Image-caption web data

/---

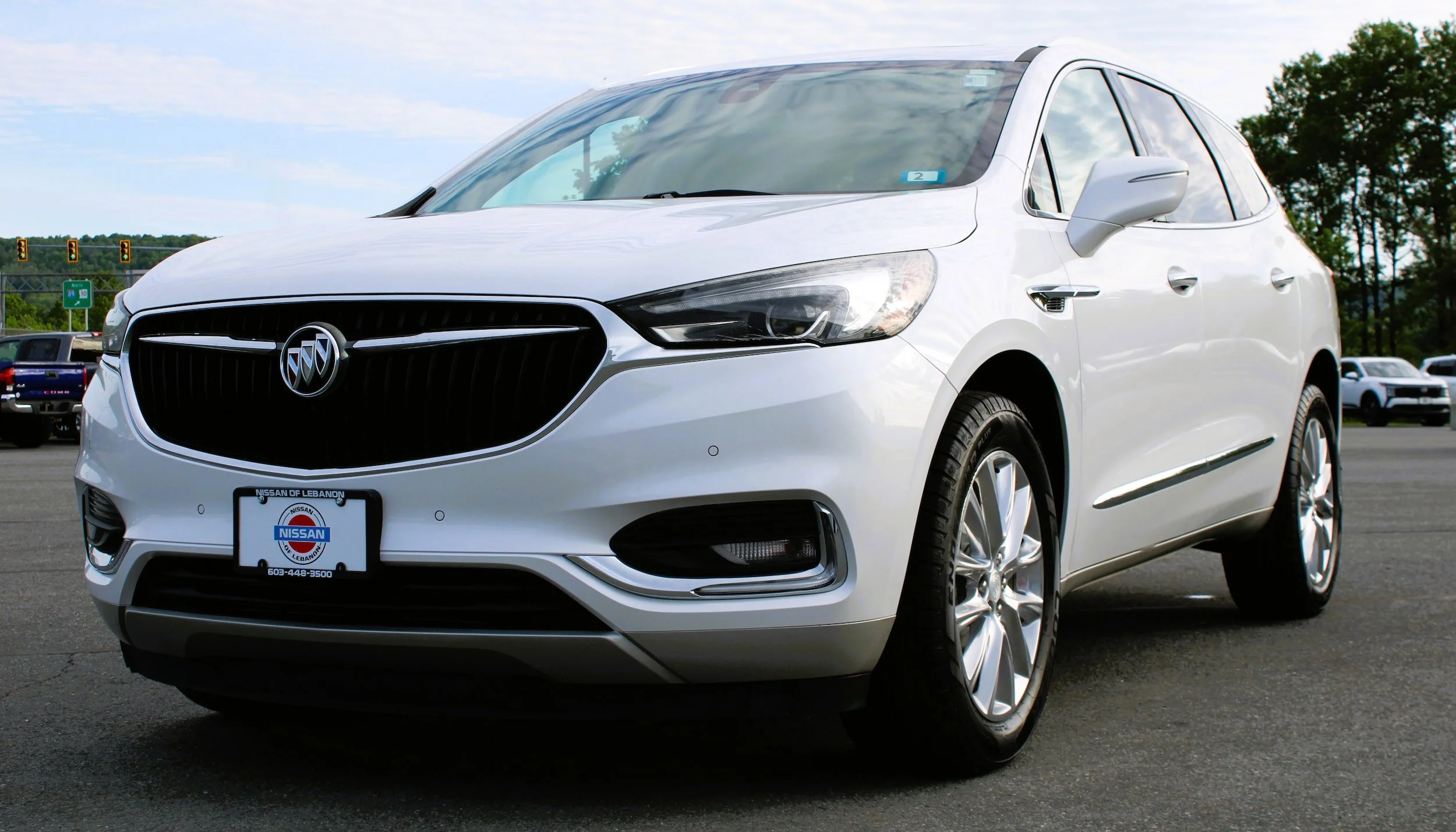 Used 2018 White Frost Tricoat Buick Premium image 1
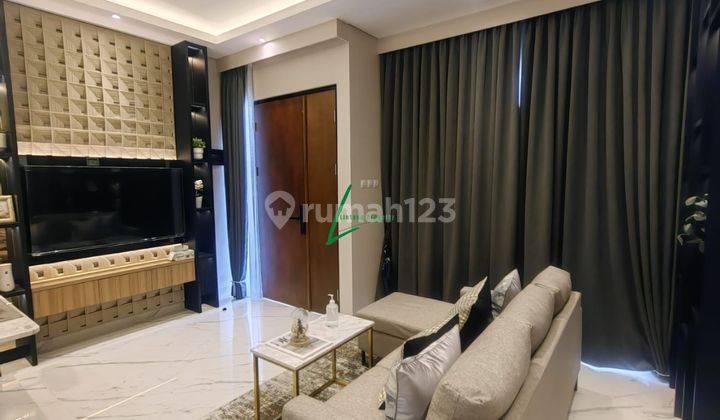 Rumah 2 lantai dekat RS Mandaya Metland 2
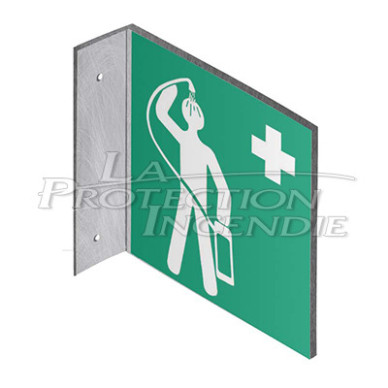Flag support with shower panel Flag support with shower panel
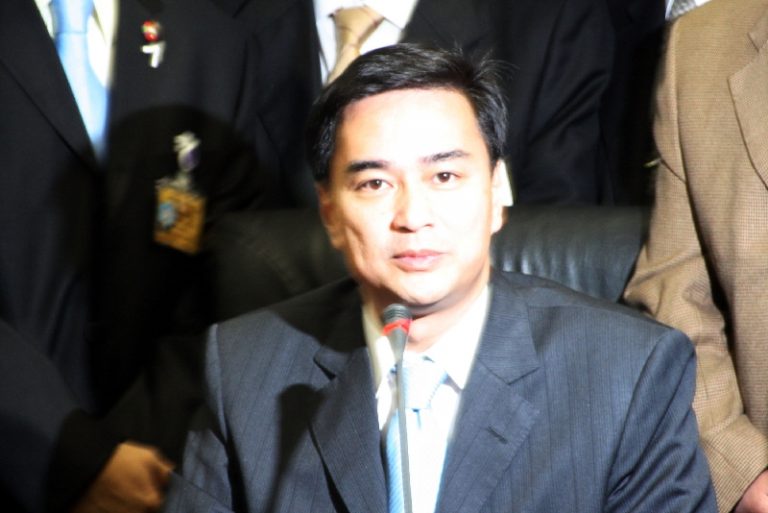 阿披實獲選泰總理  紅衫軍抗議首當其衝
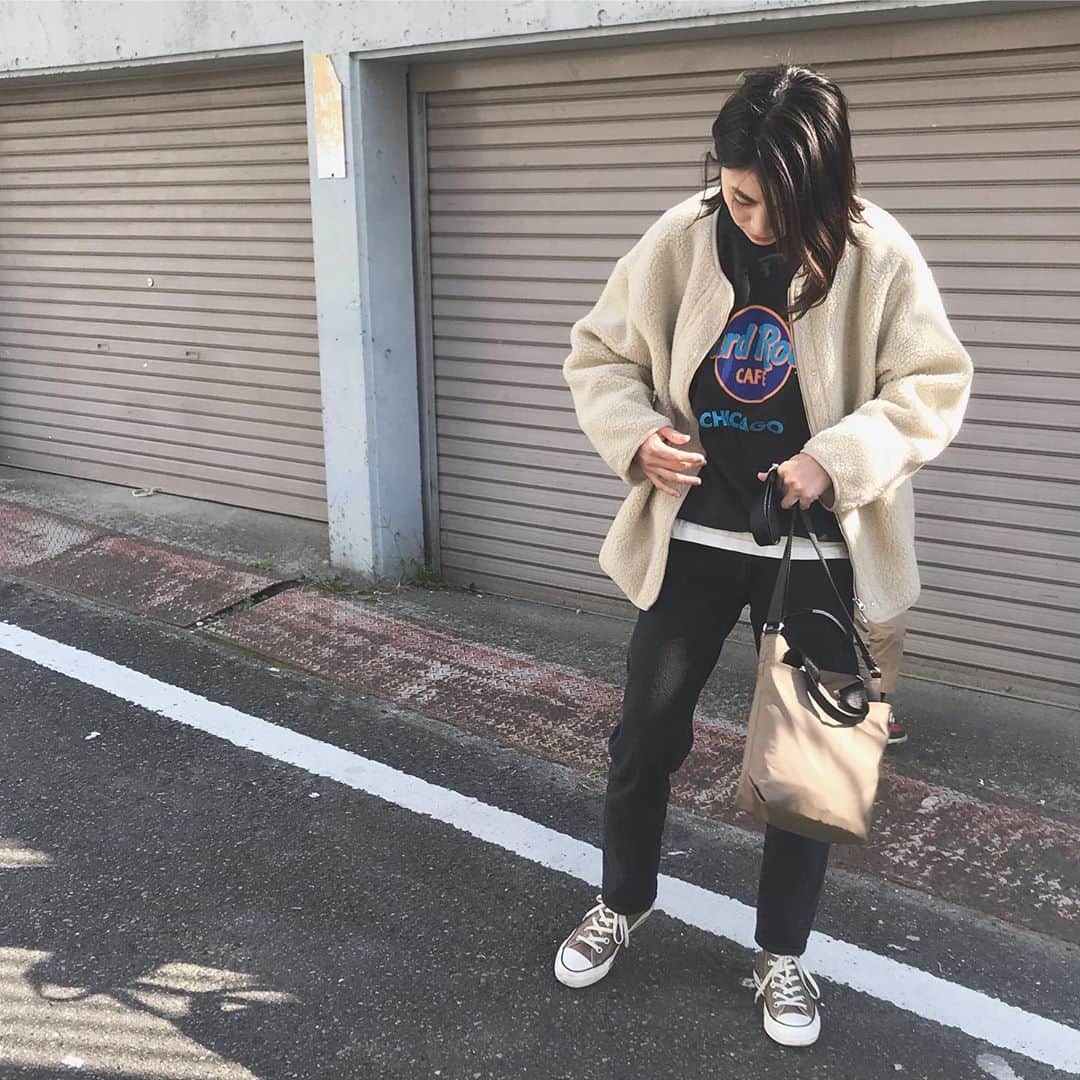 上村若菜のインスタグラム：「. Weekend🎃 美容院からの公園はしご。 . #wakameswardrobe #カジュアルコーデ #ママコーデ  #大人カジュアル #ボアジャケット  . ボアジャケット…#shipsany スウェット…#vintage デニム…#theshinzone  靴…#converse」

\---

_Task goal_
Output the lines above in full and exactly. Leave out every picture.

_Answer box_
 Used 2018 White Frost Tricoat Buick Premium image 1
 Rumah 2 lantai dekat RS Mandaya Metland 2
Flag support with shower panel Flag support with shower panel
 阿披實獲選泰總理  紅衫軍抗議首當其衝
 上村若菜のインスタグラム：「. Weekend🎃 美容院からの公園はしご。 . #wakameswardrobe #カジュアルコーデ #ママコーデ  #大人カジュアル #ボアジャケット  . ボアジャケット…#shipsany スウェット…#vintage デニム…#theshinzone  靴…#converse」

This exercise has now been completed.